Whatever rally the Dow stages, Pfizer will be a boat anchor. Investors have no reason to believe its prospects will improve until early next year, if at all.
Coke’s old CEO is out and another Coca-Cola Co. (NYSE: KO) executive is in. That probably has little to do with Coke’s major problems, which will not be easy to solve. The first is a relentless drum beat from health experts about the dangers of sugar. As obesity and diabetes grow across most of the developed world, the old snacks are being replaced by healthier foods. In the emerging markets, slowing economies may undermine consumer spending. Coke has few large markets to turn to for growth.
This huge chip company restructured early this year. Intel Corp. (NASDAQ: INTC) plans to fire 12,000 people, which is over 10% of its global workforce. More recently, it let go the employees from its wearable division. Intel has shrinking opportunities as it moves away from the low-end PC chip market and toward mobile and server markets, which are already awash in competition from firms that have been in those businesses for years. Note that chip maker and rival NVIDIA is among the S&P 500 stocks that are up the most so far this year.
Between fights with the European Union over billions of dollars in taxes and worry that the iPhone 7 will not have a holiday home run, Apple Inc.’s (NASDAQ: AAPL) stock has reached a near-term cap. In addition, its offshore manufacturing has been a perfect target for President-elect Trump’s plans to punish American companies with workforces or supplier workforces that are largely overseas.
There is also a growing body of evidence that Apple is struggling in China, largely because of competition from local mobile companies Huawei, OPPO and Xiaomi. CEO Tim Cook says Apple’s success hinges on sales in China.

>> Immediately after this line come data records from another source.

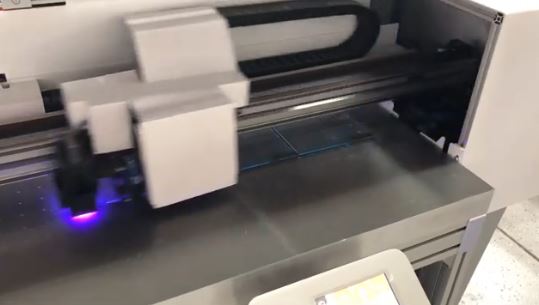 Imprimante UV grand format - MATRIX R_1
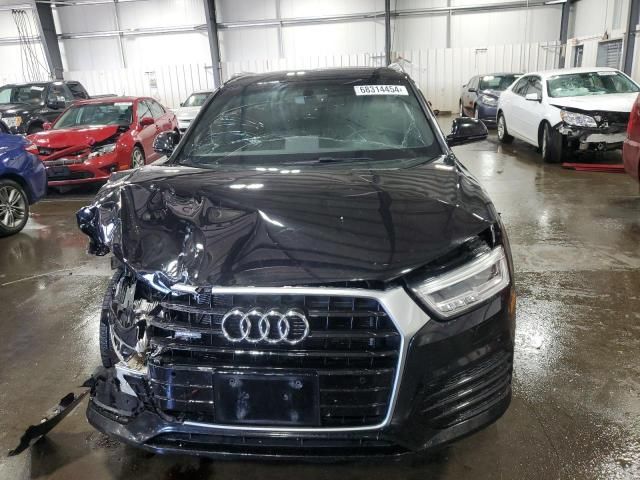 2018 Audi Q3 Premium Plus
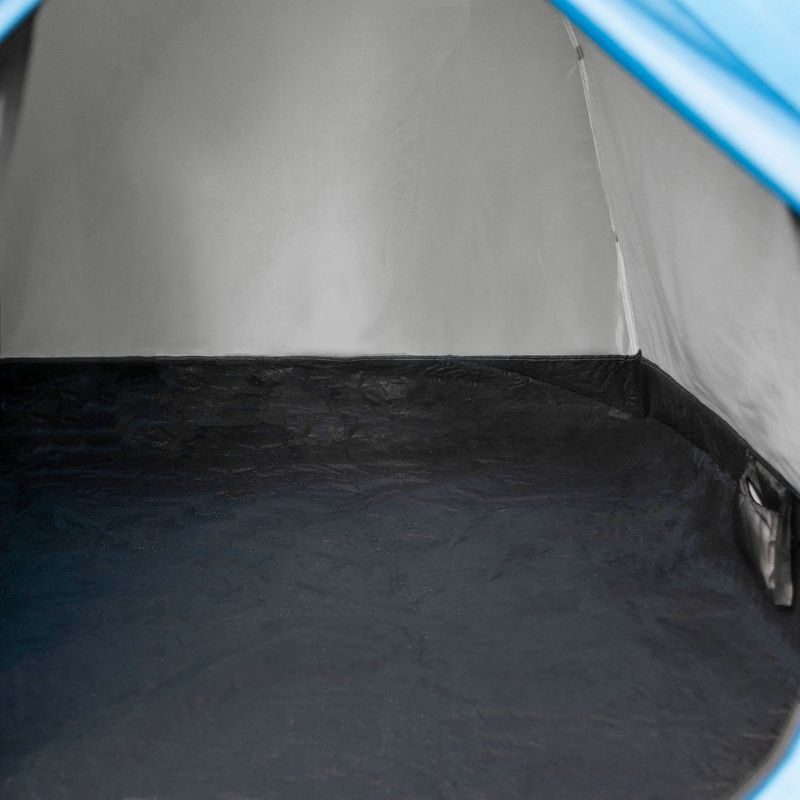 Tenda da campeggio 2 posti KADVA Festa 2 grey/blue 11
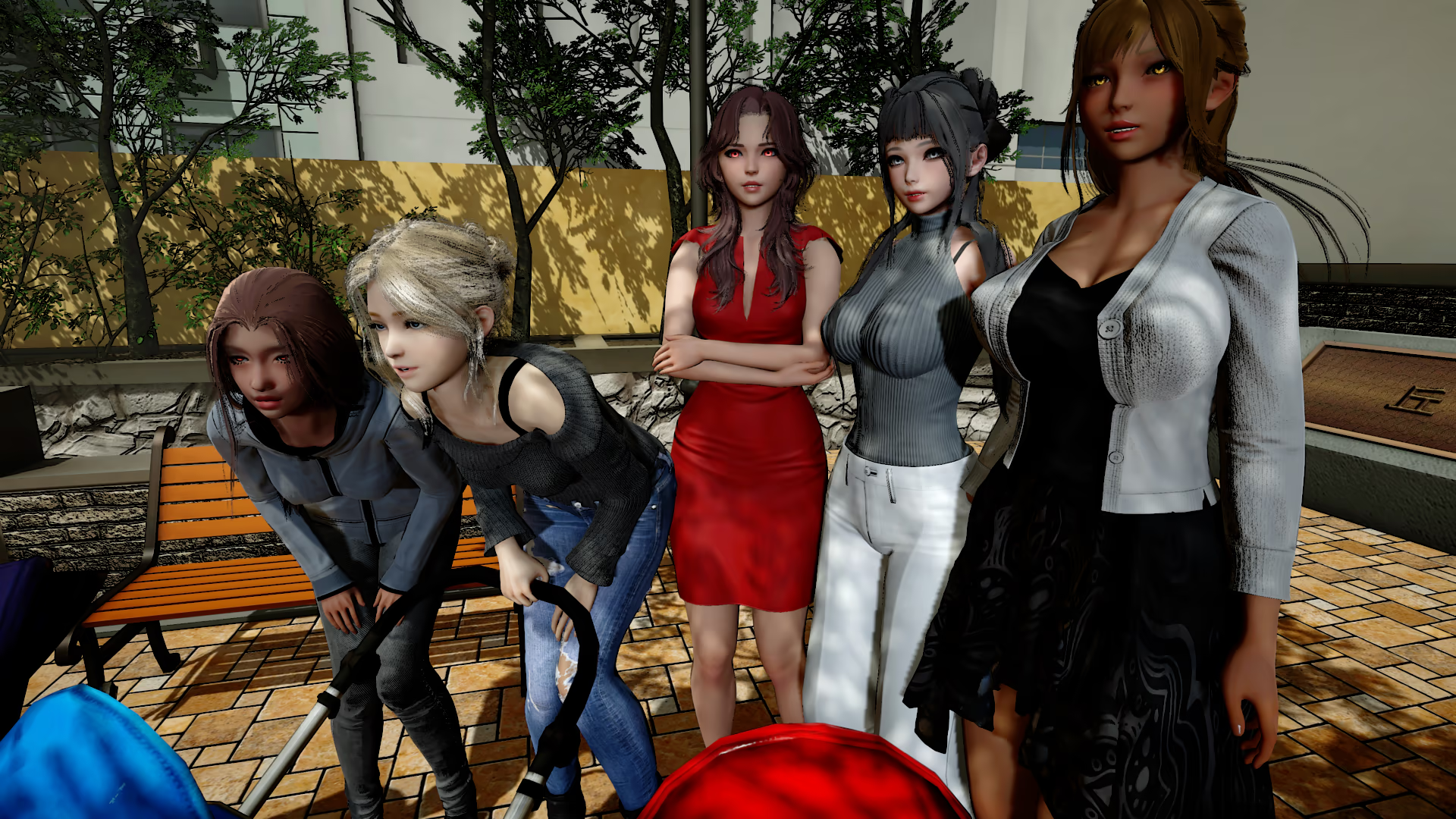 Lust Harem
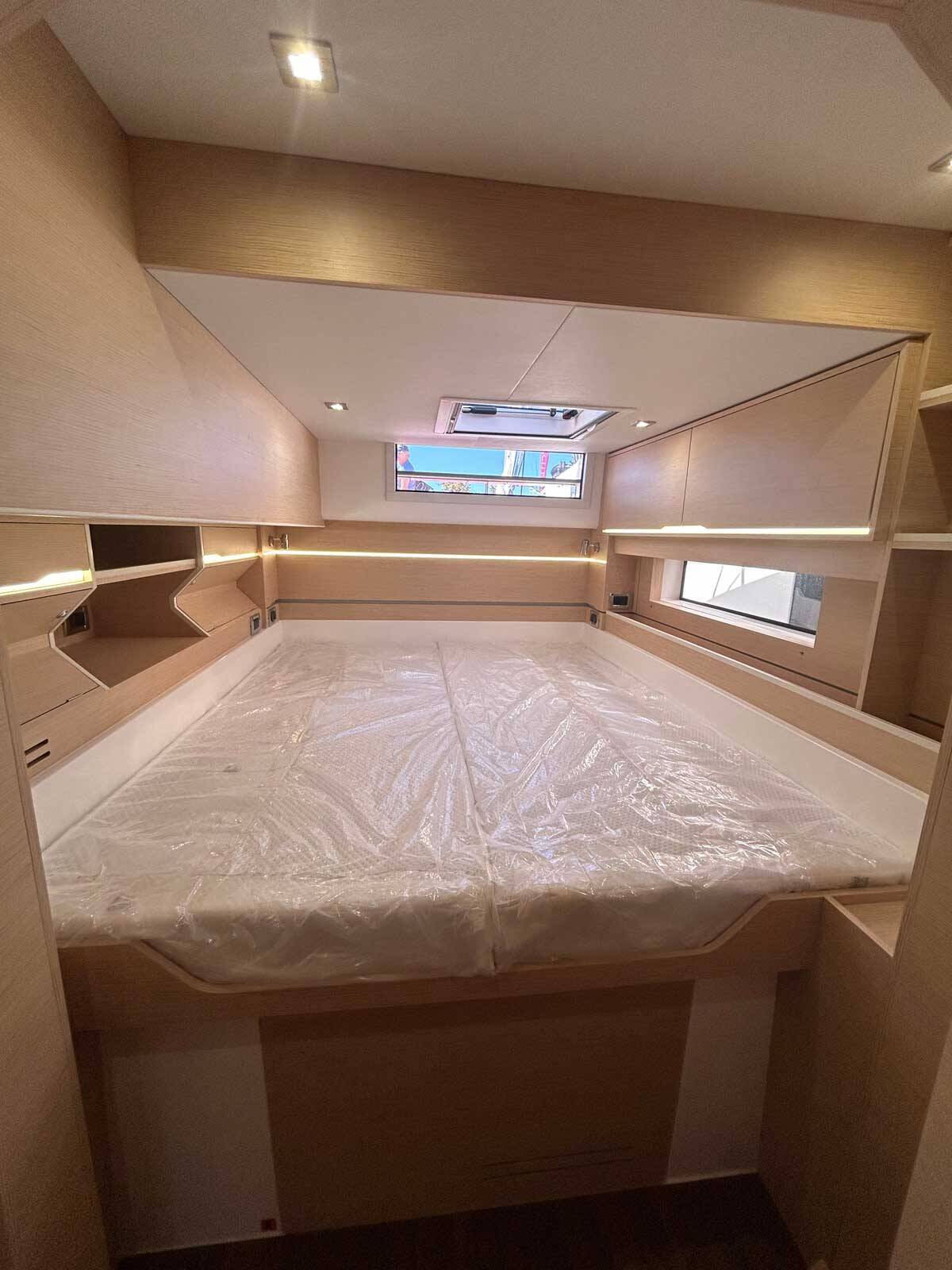 Cervetti 44 Sail Just Wonder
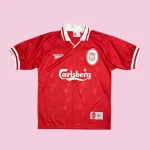 LIVERPOOL x REEBOK 1996-1998 Jersey S-M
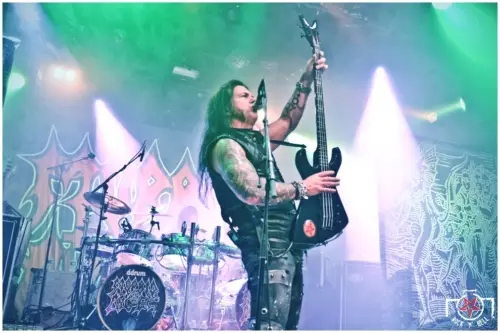 Morbid Angel @ Salle John Lennon, Limoges 09.11.2014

The world’s largest conglomerate has failed at a series of reinventions, one of the biggest of which is a recent plan to move away from the financial services business that nearly swamped General Electric Co. (NYSE: GE) during the financial crisis. Management recently backed its guidance for the year ahead.
And the company plans to sell its water business and part of its industrial division. GE’s aviation business worries investors as the market for large commercial planes slows. GE’s mining and drilling infrastructure operations have a limited future, unless oil exploration and commodities metals prices have a large bounce back.
Dow 20,000 does not need all of the index’s components to do well. However, these five could be a big enough drag to keep it short of that milestone.